The president of the IBP, Eberaldo de Almeida Neto, highlighted that Petrobras’ divestments in the pipeline segment and the New Natural Gas Law open up many opportunities for growth in this market, attracting investments to the country. Brazil still has a relatively small pipeline network – equivalent to 2% of the US gas pipeline network, for example.
The current demand for natural gas in the national market is around 90 million m3/day. Of this total, approximately 40 million m3/day are supplied by domestic production, with 76% of this volume coming from the pre-salt. There are possibilities for the application of the large volume of additional offshore natural gas in the coming years.
Alexandre Cerqueira, Shell’s manager of energy regulatory affairs for South America, sees space for the development of integrated gas hubs and projects for sectors such as the chemical and fertilizer industries. To achieve this goal, he says, investments in new infrastructure will be necessary.
Gustavo Labanca, president of TAG, who also believes in diversifying the use of gas, highlighted that having an integrated network is essential for maintaining a sustainable market in the long term, attracting more agents and generating more competition.

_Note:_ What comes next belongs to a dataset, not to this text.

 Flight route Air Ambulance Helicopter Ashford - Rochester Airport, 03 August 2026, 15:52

Integrating the natural gas pipeline system to meet the demands of the electricity sector is yet another challenge facing the downstream chain infrastructure. Edmar Almeida, a professor at the Energy Institute at PUC-Rio, points out that there is a lot of room for growth in the business models of gas-fired thermal generation. “It is important that the thermal plants enter the transport system to seize the opportunity for the gas industry.”
For Eberaldo Almeida the transport of fuels and other petroleum products by road imposes limits on economic growth and on full security of supply in the country.

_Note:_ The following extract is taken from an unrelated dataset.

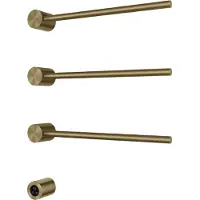 Hotbath &More RARH50 Rails Round handoekwarmerset 50cm met 3 stangen en schakelaar geborsteld messing PVD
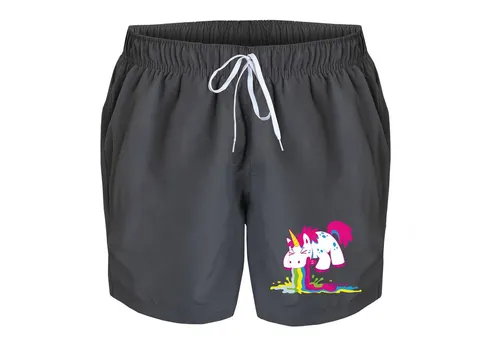 Badehose Herren Kotzendes Einhorn Badeshorts - Moderne Herren Badehose aus 100 % Polyester mit stylischem Einhorn-Druck. Leichtes Material und elastischer Gummibund sorgen für perfekten Sitz. Ideal für Strand, Pool und entspannte Sommertage. Maschinenwaschbar und robust!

“The pipelines are a safe and clean way to transport fuel,” stated the manager of Integrated Solutions and Optimization at Transpetro, Juter Isensee Neto, highlighting the low carbon emission of the pipeline activity.
“We have huge potential for the pipeline sector and Petrobras cannot be the only agent,” he said, noting that the sector is going through a transition phase with the sale of Petrobras assets.
As an example of lower emissions, the manager mentioned the oil pipeline that connects São Paulo to Brasília, transporting 800 thousand m3 of products per month. To transport the same amount of fuel, 13,345 truck trips would be needed, which consumes diesel.
Heloisa Borges Bastos Esteves, director of Oil, Gas and Biofuel Studies at the Energy Research Company (EPE), highlighted that the oil and gas sector, which uses pipeline transport, needs to be supported by three pillars towards the energy transition: increase efficiency, technological evolution and use of renewable sources.